“A digital business that happens to do law” – is this the future?


Wild: law is something that is set to be radically reshaped

Wild: law is something that is set to be radically reshaped

One of the country’s leading local government innovators has told his council that “in future, we will no longer have a legal business that happens to use technology. Instead, it will be a digital business that happens to do law”.

Solicitor Geoff Wild, director of governance and law at Kent County Council, also said that public sector lawyers have a “greater duty than most” to address the country’s access to justice deficit.

His comments came in his review of a three-year change project for Kent Legal Services (KLS), called ‘Evolution, Efficiency, Enterprise’, which delivered both significant costs savings and extra income for the council.

KLS has led the way in innovating local government legal services, being a fully-traded operation with income targets. It receives no internal subsidy, has no guaranteed work or tied clients, and competes for work in the open market.

In each of the three years to 2015, KLS averaged a surplus of £2.5m on income of £8.5m. A decade ago KLS managed a £241,000 surplus on income of £3.6m.

Between 2012 and 2015 it reduced the cost of service provision by £1.1m, saved £410,000 with advice on projects which would otherwise have needed external advice, generated £244,000 in income from 206 new external clients, and made £155,000 through various training initiatives. It recorded a further £2.3m in non-cashable savings and efficiencies through “initiatives and activities to suppress/avoid costs” to the council.

In addition, it is now handling 1,000 hours of advocacy through in-house resource, five times the amount when the project started, and developed a series of workflows that automate the delivery of legal advice in areas such as stopping-up orders, empty home loans and secured lending. The methodology is now being applied to more complex areas, such as care proceedings.

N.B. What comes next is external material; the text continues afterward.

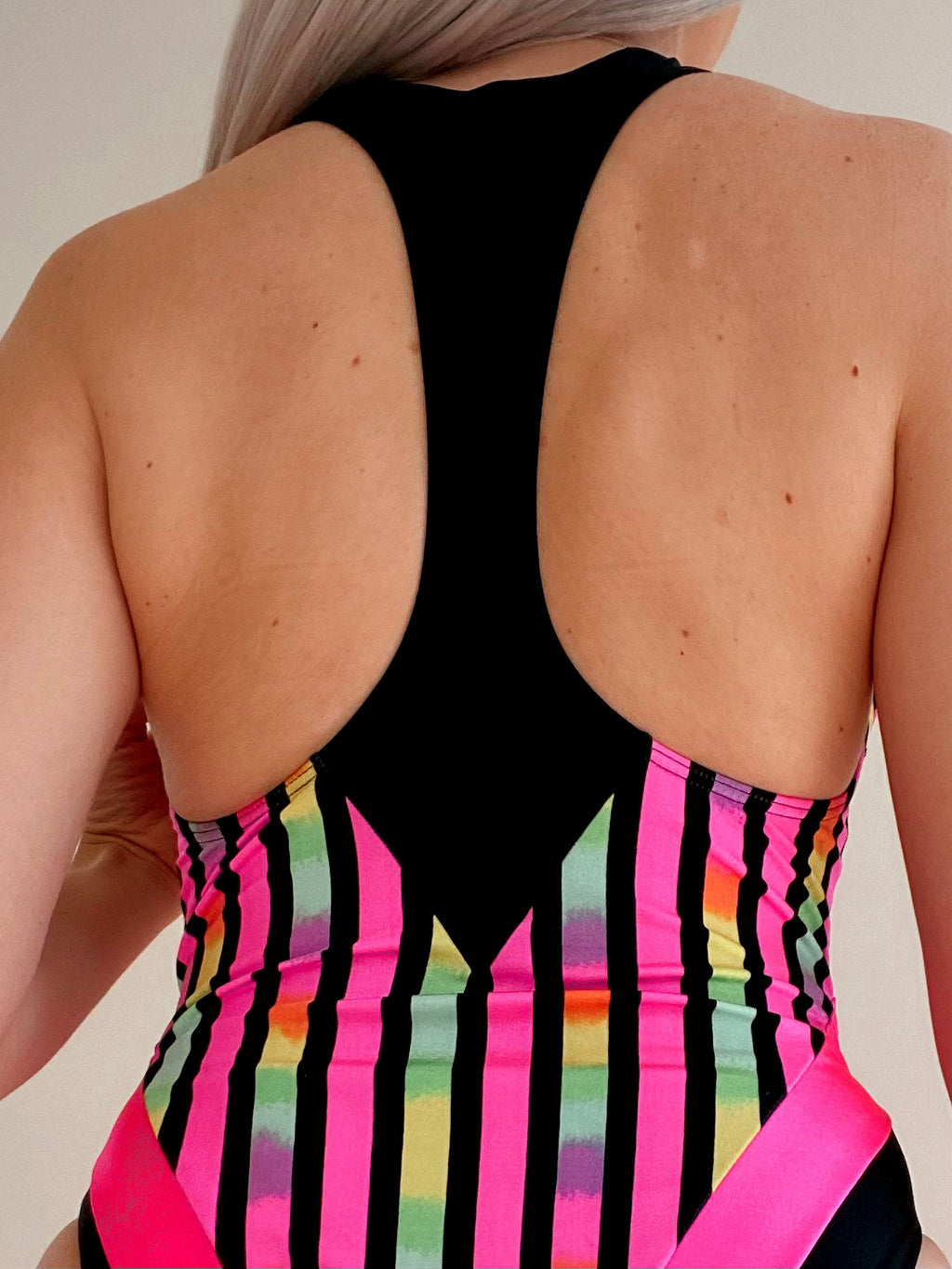 Vintage einteiliger Badeanzug blau schwarz mit neonpinken Streifen M/L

Mr Wild said: “We are currently the market leader in the provision of specialist local government and public sector legal advice and want to stay that way. But it won’t happen if we simply continue to do what we do now or at the pace we do it. The Evolution project has achieved a great deal in the past three years, but further change is both inevitable and necessary.”

One way, he said, would be to create regional hubs. “There is a real opportunity to remove waste and duplication in the operation of back-office services across the whole of the public sector by establishing Kent as a regional hub for the south-east, into which literally dozens of public sector bodies (not just councils, but health bodies, educational establishments, charitable bodies, NGOs, etc) could each transfer their legal work.”

He also made the case to create an alternative business structure (ABS) to give KLS “full trading freedom” in the light of Solicitors Regulation Authority rules which limit the kinds of clients it can currently serve.

Legal Futures reported recently that the council was close to identifying its preferred ABS joint venture partner, but a final decision on that, which was expected last week, has been delayed.

Mr Wild said that not only did KLS need to address access to justice problems, but it also had to “more than move the needle only slightly”.

He observed: “Some would say there are more lawyers than needed. That would be true if they were serving the under-served. Instead, they are primarily focused on a shrinking share of the ‘top tier’ legal work and cannot afford to provide services to the poorly served at rates the clients can afford.

“Unfortunately, whilst there is currently an enormous legal market, it is served so expensively and with such complexity that it has become inaccessible for 80% to 90% of the population.”

The way to address the issue was through disruptive innovation and investment in technology, Mr Wild said.

“Law is something that is set to be radically reshaped by the emergence of technology that, at its heart, is about the management and manipulation of data on an entirely new scale. This is a characteristic that has only recently shown up in law in a significant fashion, but it is due to transform the sector beyond recognition…

“Some economic forces are too great to be ignored, dismissed or regulated. An industry ripe for disruption will be disrupted. Tsunamis cannot be stopped. The only thread that ultimately saves the industry is the thread of disruption. All others have broken. In future, we will no longer have a legal business that happens to use technology. Instead, it will be a digital business that happens to do law.

“It is not yet a tsunami, but the surf is retreating and we must be ready for the advance of the coming disruption. To do that requires investment now to make savings in the future. Whether that investment comes from within the council or externally remains to be determined.

“One thing is certain – maintaining the status quo is not an option if [KLS] is to continue to innovate, make progress and enjoy the success of the past 10 years.”